The Reform deputy leader’s property firm avoided paying nearly £600,000 in tax

Richard Tice on Times Radio

The Labour Party has called for the tax department, HMRC, to investigate Richard Tice’s tax affairs, after an investigation found his company dodged nearly £600,000 in tax.

The Times reported that Tice’s property company Quidnet Reit did not pay any tax on multimillion pound profits between 2018 and 2021 after obtaining “an unusual tax status” for his firm.

Chair of the Labour Party, Anna Turley, said the Times’ investigation presented a “deeply troubling case which needs to be investigated with the utmost urgency”.

Tice listed the company on the Guernsey stock exchange and applied for it to become a real estate investment trust (Reit).

Reits are exempt from paying corporation tax on rental profits, and on capital gains if they sell properties. Instead, they issue dividends to shareholders, who are then taxed individually.
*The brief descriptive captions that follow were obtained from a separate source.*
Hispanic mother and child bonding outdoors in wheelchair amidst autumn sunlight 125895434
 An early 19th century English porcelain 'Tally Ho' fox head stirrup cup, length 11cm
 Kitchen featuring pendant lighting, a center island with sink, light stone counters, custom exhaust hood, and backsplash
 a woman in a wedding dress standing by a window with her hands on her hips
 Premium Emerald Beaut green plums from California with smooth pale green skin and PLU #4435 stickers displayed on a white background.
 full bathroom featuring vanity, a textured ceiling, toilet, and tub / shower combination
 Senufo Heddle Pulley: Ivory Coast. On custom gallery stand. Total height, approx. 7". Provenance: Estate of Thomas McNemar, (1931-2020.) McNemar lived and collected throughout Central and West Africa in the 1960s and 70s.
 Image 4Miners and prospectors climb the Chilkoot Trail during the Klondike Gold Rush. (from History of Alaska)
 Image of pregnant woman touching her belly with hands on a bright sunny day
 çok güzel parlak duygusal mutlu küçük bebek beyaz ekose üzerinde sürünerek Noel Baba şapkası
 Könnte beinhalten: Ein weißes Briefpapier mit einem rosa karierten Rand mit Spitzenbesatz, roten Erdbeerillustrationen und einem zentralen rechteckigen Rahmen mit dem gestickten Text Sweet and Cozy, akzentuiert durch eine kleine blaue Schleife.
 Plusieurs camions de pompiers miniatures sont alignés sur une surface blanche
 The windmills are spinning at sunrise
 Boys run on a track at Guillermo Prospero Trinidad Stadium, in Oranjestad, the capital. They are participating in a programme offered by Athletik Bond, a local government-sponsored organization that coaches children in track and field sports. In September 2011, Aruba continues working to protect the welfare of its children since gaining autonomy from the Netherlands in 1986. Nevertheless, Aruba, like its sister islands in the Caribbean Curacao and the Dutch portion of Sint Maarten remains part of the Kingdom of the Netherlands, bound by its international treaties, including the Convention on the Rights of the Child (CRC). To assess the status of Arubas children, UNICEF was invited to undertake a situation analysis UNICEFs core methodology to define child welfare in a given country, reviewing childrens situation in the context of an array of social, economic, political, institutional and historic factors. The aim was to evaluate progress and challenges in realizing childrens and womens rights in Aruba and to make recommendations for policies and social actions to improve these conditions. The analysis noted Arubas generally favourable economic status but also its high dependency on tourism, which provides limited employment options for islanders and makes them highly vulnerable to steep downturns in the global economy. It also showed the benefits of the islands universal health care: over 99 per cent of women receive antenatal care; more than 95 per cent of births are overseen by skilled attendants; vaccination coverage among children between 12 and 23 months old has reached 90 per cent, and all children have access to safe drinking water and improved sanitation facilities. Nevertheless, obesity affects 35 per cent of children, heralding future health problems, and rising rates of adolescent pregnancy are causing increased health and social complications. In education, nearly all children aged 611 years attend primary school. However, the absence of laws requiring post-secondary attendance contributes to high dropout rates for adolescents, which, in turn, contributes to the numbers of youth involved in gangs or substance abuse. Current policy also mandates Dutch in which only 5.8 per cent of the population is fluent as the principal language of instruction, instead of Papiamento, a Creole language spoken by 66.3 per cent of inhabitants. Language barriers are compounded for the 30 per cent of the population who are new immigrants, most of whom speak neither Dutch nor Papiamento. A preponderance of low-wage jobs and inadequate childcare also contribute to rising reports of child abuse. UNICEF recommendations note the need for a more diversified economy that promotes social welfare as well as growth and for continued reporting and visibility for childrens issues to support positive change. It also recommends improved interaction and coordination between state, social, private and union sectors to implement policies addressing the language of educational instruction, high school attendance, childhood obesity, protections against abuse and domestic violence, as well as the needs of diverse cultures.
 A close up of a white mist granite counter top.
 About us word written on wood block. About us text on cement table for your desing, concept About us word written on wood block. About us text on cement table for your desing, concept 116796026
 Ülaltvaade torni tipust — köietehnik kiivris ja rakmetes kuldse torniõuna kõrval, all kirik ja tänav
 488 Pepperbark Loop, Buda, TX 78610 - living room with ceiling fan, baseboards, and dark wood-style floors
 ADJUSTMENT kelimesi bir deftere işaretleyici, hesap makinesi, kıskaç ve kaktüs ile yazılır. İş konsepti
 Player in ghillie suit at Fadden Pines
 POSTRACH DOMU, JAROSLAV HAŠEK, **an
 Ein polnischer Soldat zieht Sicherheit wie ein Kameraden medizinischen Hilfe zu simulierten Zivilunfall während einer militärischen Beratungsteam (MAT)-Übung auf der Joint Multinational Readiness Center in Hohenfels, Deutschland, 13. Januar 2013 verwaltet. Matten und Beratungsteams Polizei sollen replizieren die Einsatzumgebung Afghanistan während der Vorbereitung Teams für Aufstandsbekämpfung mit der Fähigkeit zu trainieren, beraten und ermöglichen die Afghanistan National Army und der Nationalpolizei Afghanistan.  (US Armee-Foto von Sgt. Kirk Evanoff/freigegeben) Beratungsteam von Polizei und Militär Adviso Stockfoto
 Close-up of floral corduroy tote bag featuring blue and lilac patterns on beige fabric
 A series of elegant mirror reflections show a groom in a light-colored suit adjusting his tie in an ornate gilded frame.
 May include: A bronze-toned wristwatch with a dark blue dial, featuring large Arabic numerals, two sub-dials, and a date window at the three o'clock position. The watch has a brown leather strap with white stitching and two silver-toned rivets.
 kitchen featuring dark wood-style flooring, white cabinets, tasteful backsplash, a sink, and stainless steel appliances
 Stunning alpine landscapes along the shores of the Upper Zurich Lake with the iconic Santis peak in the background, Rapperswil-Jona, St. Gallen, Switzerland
The Times reports that Tice’s company did not qualify for Reit status, as Reit companies must be “non-close”, meaning they  cannot be controlled by one party or a group of connected parties.

Quidnet Reit is owned by him personally via a group of on and offshore entities, making it “close”.

However, the status gives firms a three-year grace period to find investors. HMRC assumes companies applying for Reit status have every intention of finding investors, and does not require proof of this. 

Tice said he tried to diversify Quidnet’s structure to meet the definition of being a “non-close” company, but failed to do so.

Turley, chair of the Labour Party, told the HuffPost: “Richard Tice urgently needs to explain himself – to the British public and to HMRC. Why has he gone to such extreme lengths to avoid paying his taxes, and has all the tax he owes been paid? 

“If these claims are true, it looks like Reform’s Deputy Leader is just in it for himself – not for working people who couldn’t even dream of earning the kind of money he appears to have hidden from the taxman.

“Nigel Farage needs to decide whether that’s what he wants Reform to stand for.”

Dan Neidle, founder of Tax Policy Associates, told The Times it was “hard to understand” why Tice registered Quidnet as a Reit.

“Small and medium businesses don’t normally use Reits. Other structures are cheaper and more appropriate,” he said.

“If there were real attempts to find outside investors then this is odd but not improper. But if there weren’t, and the Reit was always intended to be close, then it looks like highly aggressive tax planning. The general anti-abuse rule was designed to stop precisely this kind of exploitation of loopholes.” 

He added: “The use of an offshore trust by UK domiciled individuals is also unusual.”

Olivia Barber is a reporter at Left Foot Forward

Comments are closed.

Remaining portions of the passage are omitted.